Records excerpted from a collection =
# # # # # # #

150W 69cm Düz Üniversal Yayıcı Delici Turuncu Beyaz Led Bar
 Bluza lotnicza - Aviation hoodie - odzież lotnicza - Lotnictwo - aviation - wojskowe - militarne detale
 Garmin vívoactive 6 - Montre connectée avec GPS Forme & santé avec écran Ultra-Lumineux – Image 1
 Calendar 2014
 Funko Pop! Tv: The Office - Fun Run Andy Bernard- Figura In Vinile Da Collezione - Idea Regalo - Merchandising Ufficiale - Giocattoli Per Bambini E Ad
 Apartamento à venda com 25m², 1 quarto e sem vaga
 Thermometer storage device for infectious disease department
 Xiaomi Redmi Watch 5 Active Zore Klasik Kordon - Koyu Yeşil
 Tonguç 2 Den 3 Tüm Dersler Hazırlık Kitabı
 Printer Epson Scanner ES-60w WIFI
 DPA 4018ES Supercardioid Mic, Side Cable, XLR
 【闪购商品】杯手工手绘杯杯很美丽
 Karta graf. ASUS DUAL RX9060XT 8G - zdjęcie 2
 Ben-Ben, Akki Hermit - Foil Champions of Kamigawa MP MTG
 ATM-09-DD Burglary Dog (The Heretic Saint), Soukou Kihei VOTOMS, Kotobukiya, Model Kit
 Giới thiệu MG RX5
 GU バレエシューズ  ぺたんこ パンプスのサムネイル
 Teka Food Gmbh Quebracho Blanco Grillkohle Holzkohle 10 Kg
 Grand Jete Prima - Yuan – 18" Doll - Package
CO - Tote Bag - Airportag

# # # # # # #

How to complete this task = Output the entire set of records exactly as shown.

Result below =
150W 69cm Düz Üniversal Yayıcı Delici Turuncu Beyaz Led Bar
 Bluza lotnicza - Aviation hoodie - odzież lotnicza - Lotnictwo - aviation - wojskowe - militarne detale
 Garmin vívoactive 6 - Montre connectée avec GPS Forme & santé avec écran Ultra-Lumineux – Image 1
 Calendar 2014
 Funko Pop! Tv: The Office - Fun Run Andy Bernard- Figura In Vinile Da Collezione - Idea Regalo - Merchandising Ufficiale - Giocattoli Per Bambini E Ad
 Apartamento à venda com 25m², 1 quarto e sem vaga
 Thermometer storage device for infectious disease department
 Xiaomi Redmi Watch 5 Active Zore Klasik Kordon - Koyu Yeşil
 Tonguç 2 Den 3 Tüm Dersler Hazırlık Kitabı
 Printer Epson Scanner ES-60w WIFI
 DPA 4018ES Supercardioid Mic, Side Cable, XLR
 【闪购商品】杯手工手绘杯杯很美丽
 Karta graf. ASUS DUAL RX9060XT 8G - zdjęcie 2
 Ben-Ben, Akki Hermit - Foil Champions of Kamigawa MP MTG
 ATM-09-DD Burglary Dog (The Heretic Saint), Soukou Kihei VOTOMS, Kotobukiya, Model Kit
 Giới thiệu MG RX5
 GU バレエシューズ  ぺたんこ パンプスのサムネイル
 Teka Food Gmbh Quebracho Blanco Grillkohle Holzkohle 10 Kg
 Grand Jete Prima - Yuan – 18" Doll - Package
CO - Tote Bag - Airportag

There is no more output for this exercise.